Le "Bulli Tour Europa" : l'Europe de l'Est à portée de voie
La curiosité pleine de tact, c'est lui. Le goût de l'aventure,
c'est elle. A 27 et 29 ans, après déjà plusieurs ouvrages et réalisations
artistiques sur la construction de l'Europe, la modernité de la Shoah et la
résilience, au sein de leur association Rodéo d'âme, Baptiste Cogitore et
Claire Audhuy partent à l'assaut du continent européen. Pas pour se dorer sur
les plages méditerranéennes, mais pour approfondir encore leur connaissance de
cette Europe de l'Est qui les passionne tant, et surtout pour aller à la
rencontre de ses habitants, leur donner la parole, recueillir leur mémoire et
mettre en lumière son actualité.
Label d'excellence de l'Université de Strasbourg
"Ils vont faire des sciences politiques et sociales in
situ ", précise Edouard Mehl, vice-président de l'Université de
Strasbourg, qui a décerné au Bulli Tour Europa son label d'excellence "pour
la cohérence, la persévérance et le professionnalisme du projet ". Claire Audhuy et Baptiste Cogitore préfèrent
parler d'un road-trip journalistique : "Nous sommes Strasbourgeois, mais qu'avons-nous de
commun avec un Ukrainien ou un Bulgare ? A quelle Europe rêvons-nous
ensemble ? Pourquoi fait-elle si peur ? ". Trois thématiques
seront déclinées tout au long du périple : identités et minorités, mémoire
et nationalisme, théâtre et résistance (Claire Audhuy, docteur ès arts, a
soutenu sa thèse sur le théâtre dans les situations extrêmes, les camps de
concentration, pendant que Baptiste Cogitore achevait un cursus franco-allemand
de journalisme au CUEJ de Strasbourg, tout en publiant un livre sur les occupants
des anciennes synagogues en Alsace).
Boris Pahor, grand témoin
La première étape du Bulli Tour Europa est symboliquement la
rencontre de l'écrivain Boris Pahor, un de nos derniers grands témoins européens
de tout le XXe siècle. Il a fêté ses 100 ans en août dernier dans sa
ville natale de Trieste dont il rappelle toujours qu'elle a subi les deux jougs
totalitaires, fasciste italien des années 20 et nazi allemand à partir de 1943. L'écrivain, qui pourrait prétendre au Prix Nobel de
littérature, résistant et déporté, a construit son œuvre sur la modernité de la lutte contre les totalitarismes, sur l'internement, le désespoir, la nécessité de dépasser le besoin de
vengeance et la haine, le risque de voir la mort l'emporter sur la vie, mais surtout sur la capacité de résilience de l'homme...

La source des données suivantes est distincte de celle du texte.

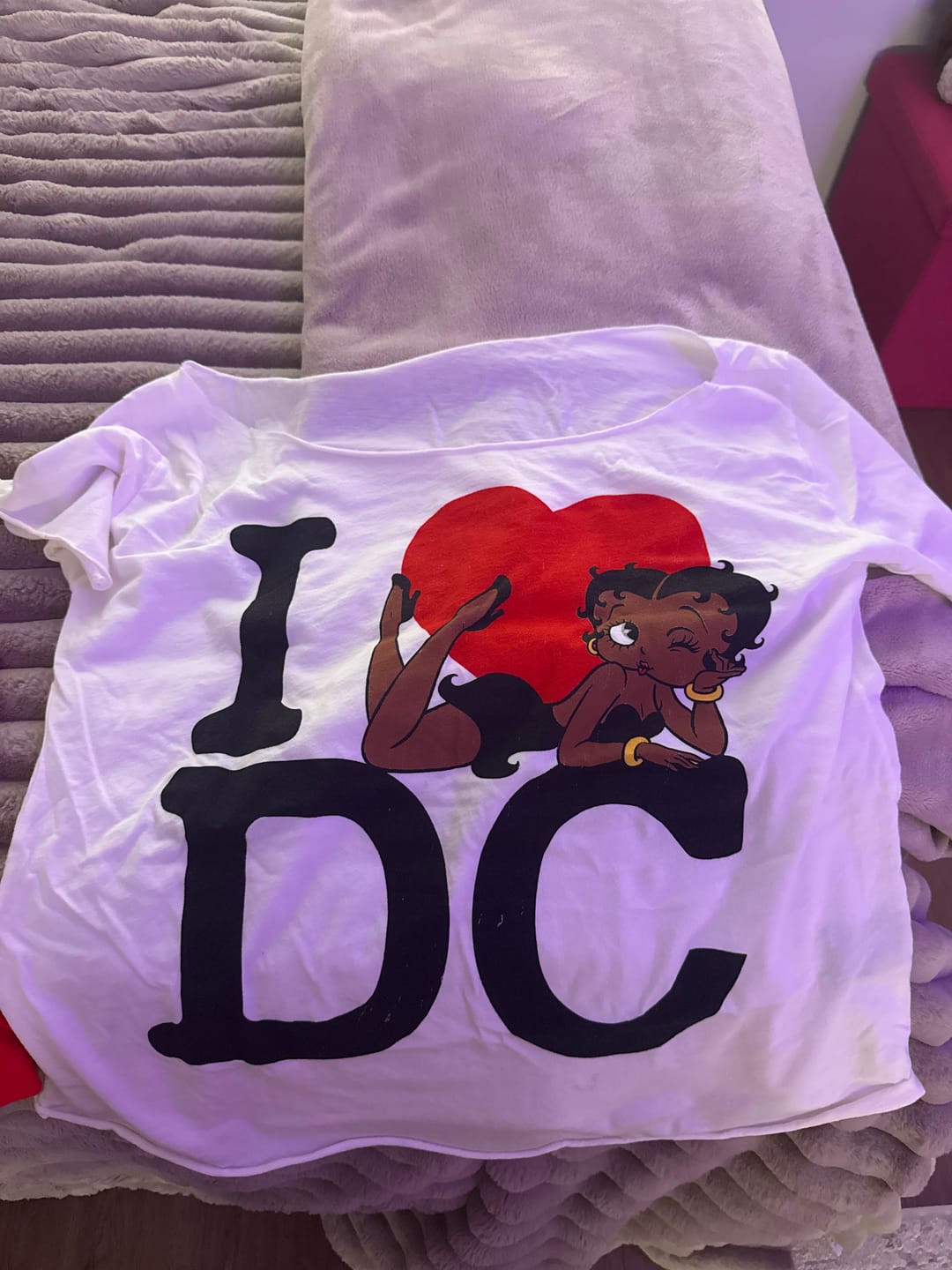 Customer photo review of I <3 DC OFF THE SHOULDER TOP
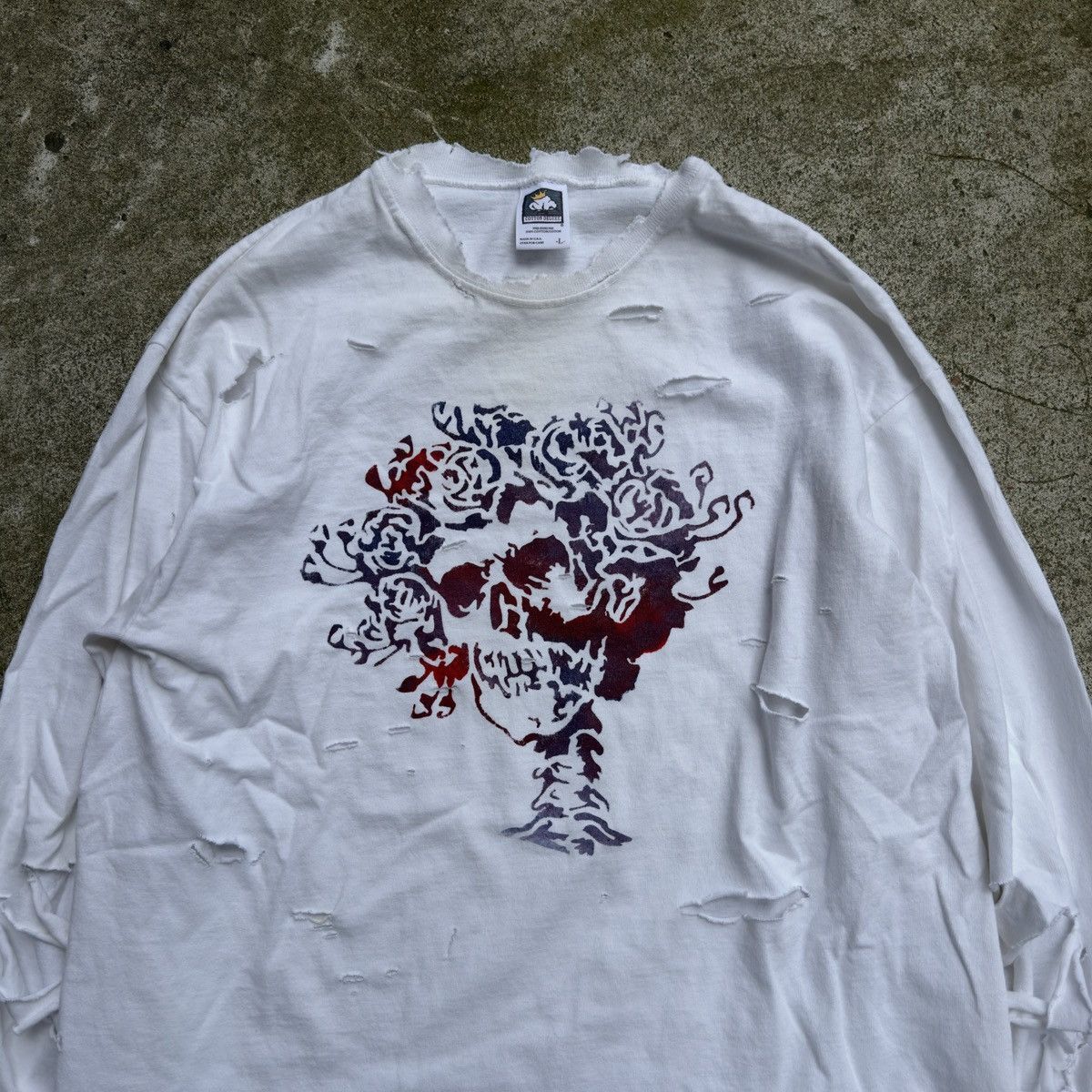 Vintage Grateful Dead Skull Thrashed Distressed Longsleeve Tee Size US L / EU 52-54 / 3 - 4 Thumbnail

grâce à la femme. Dans Pèlerin
parmi les ombres , il traduit de manière
pudique, lucide et digne le chemin de croix du déporté politique-interné pour
y mourir au Struthof (seul camp de concentration nazi en territoire français,
annexé).
Road trip journalistique
Au total, de mai à octobre, une vingtaine de pays dont une
trentaine de villes seront traversés, "des Balkans aux pays baltes en
passant par les bords de la Mer noire ", avec quelques étapes particulièrement
sensibles : la Biélorussie, la Transnistrie et l'Ukraine, qu'ils
aborderont par Odessa, avant Kiev, Lviv et Drohobych. Des itinéraires bis sont
prévus. Chaque étape a été minutieusement préparée. Les reportages audio,
vidéo, photo ainsi que les articles seront mis en ligne chaque semaine. Sur
place, des fixeurs et des interprètes rejoindront les deux voyageurs. 150 jeunes
Européens sont associés à ce projet participatif, auquel chacun est invité à
prendre part, y compris en aidant à "remplir la jauge d'essence ", via des dons.
Il manque encore 36.000 euros, sur un budget total de 100.000 euros, qui
comprend aussi la publication d'un livre en 2015 pour "prolonger cette
réflexion de terrain sur l'Europe actuelle ". Un documentaire sera également
réalisé après le retour, prévu le 5 octobre.